Can Death Be Prevented?

Every once in a while I write an opinion piece on this website in which deeper reflection is required on the question as well as trying to answer this question by referring to Buddhism. Today, I would like to discuss whether a life could be spared if, by some circumstance, we were in the right place at the right time or had some ‘correct’ conditions prevailed. Believe it or not, it is a very common question, one in which every single one of us have asked ourselves for every death we have experienced.

When death happens, it is not the best thing in the world, and naturally, we look to blame anyone and everything under the Sun for our circumstances and the torture it brings us. However, such attempts are futile, and no matter how many people we blame, we can only do so with our own self power. What is done is done. Punishing the person involved or singling out a single party or element does not and will not aid in bringing the person back to life. We should therefore learn to accept the circumstances and move on with our own lives.

I will give you an example of a situation that happened to me, the passing of my own mother. Actually, it didn’t happen all that long ago (about 5 months ago), and so a lot of what I was feeling at the time I still remember and can fully express it in an accurate way here.

This year, I went to Japan for a working assignment for about 6 months – first month being March. I always called my mother to make sure she was doing OK (about 3 times a week) since I knew she was always going to the doctors and whatnot. She never really had an official ‘disease’, just a lot of general old-age issues like diabetes, blood pressure, arthritis, etc. I was actually on my way to a Buddhist lecture that Friday night, so I thought I would call to catch up with my mom. Unfortunately, no one picked up the phone. Friday night is Friday Morning in the US, so I figured that at the time that I called she might have been on her way to some doctor (as was sometimes the case), so I just dismissed it. Apparently, that Friday night was the last time anyone heard from her. The next time she was discovered was Monday afternoon when she was taken to the hospital that night. I got a call on about Wednesday that week, and was on the next flight out from Japan (got there same day).

I don’t know what exactly happened, but all I really had to go by was that she was sleeping in the hospital bed in critical condition. Long story short, she suffered many, many small strokes and no one really knew the signs until it was too late. But actually, that was not the final diagnosis. She ended up having some rare disease that was not detected by virtually every doctor that she was seeing. It was a rare disease, after all and doctors usually do not test for these types of rare diseases as there was no risk factors for it. It was ultimately this rare disease catching up to her that caused the strokes, and after a short weeks time, her death. In case you are wondering, the disease was Cryptococcosis.

Personally, I don’t really blame anyone for what has already transpired. I never have, and I never will. Although, other people I know have. Some people blamed the doctors, claimed they were not doing their job correctly. Others harbored hatred for other individuals close by – but not me, I did not for one moment feel that anyone should be blamed nor anyone at fault. In a sea of people around me with only blame and hatred as their way of coping with the tragedy, I believe I was the only calm one. However, I owe it all to my Buddhist training and study. If not for Buddhism, I would have suffered in the same way as the others around me.

That being the case, I am always reminded of the words of Shinran Shonin:

I, Shinran, have never even once uttered the nembutsu for the sake of my father and mother. The reason is that all beings have been fathers and mothers, brothers and sisters, in the timeless process of birth-and-death.
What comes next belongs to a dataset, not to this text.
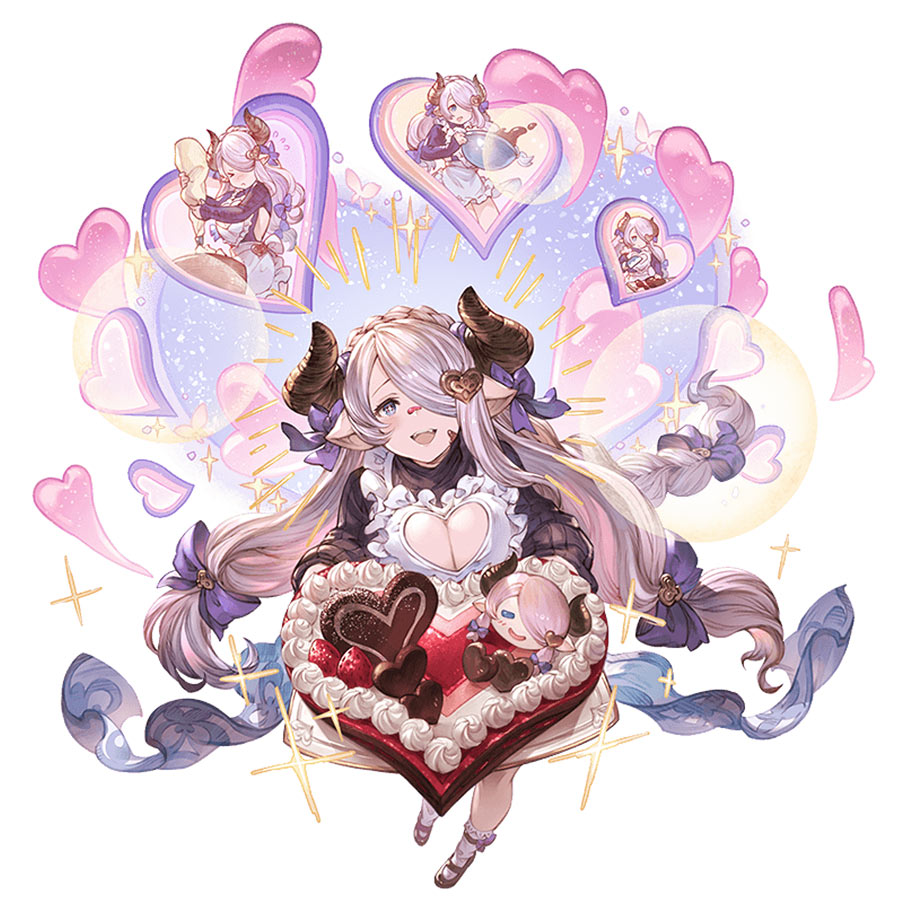 Valentine Narmaya Artwork from Granblue Fantasy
When I attain buddhahood in the next birth, each and everyone will be saved.

What happens to us in the present time and what is destined to happen is a result of the karma which we have accumulated from eons past. It is all apart of the Alaya mind (where the karma energy is stored) and there is no way to really reverse this energy force that powers over us unless we receive other power faith and attain enlightenment. This, in effect, is the universal law of cause and effect working its due course.
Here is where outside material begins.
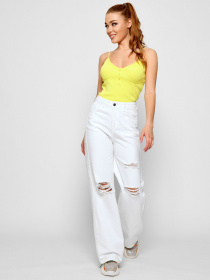 Широкі джинси CARICA модель 319313 Широкі джинси CARICA модель 319313 Фото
In essence, what has happened has already happened. Sakyamuni Buddha once said (when speaking of whether fancy ceremonies have any benefit to the dead) that once a stone sinks to the bottom of the ocean, there is nothing that anyone can do to make it rise again on its own. The course of death, as such, is more like the same. Once a person dies it is their karma alone which has caused it to happen to them at that particular time and place, and under the circumstances. No matter how many times you go over it, the same result will happen.

So, the answer in this case is that no death can be prevented. Everyone must face death 100% of the time, although it is uncertain where and when they will be facing it. These factors are all determined by one’s karma. Even though you do attain enlightenment and enter into other power faith, this still does not immune you from death in this lifetime. However, if you do accomplish that task, you will not be bound by the chains of Samsara after your life in the present ends. You will be born into Amida’s pure land where you will resolve to attain Buddhahood.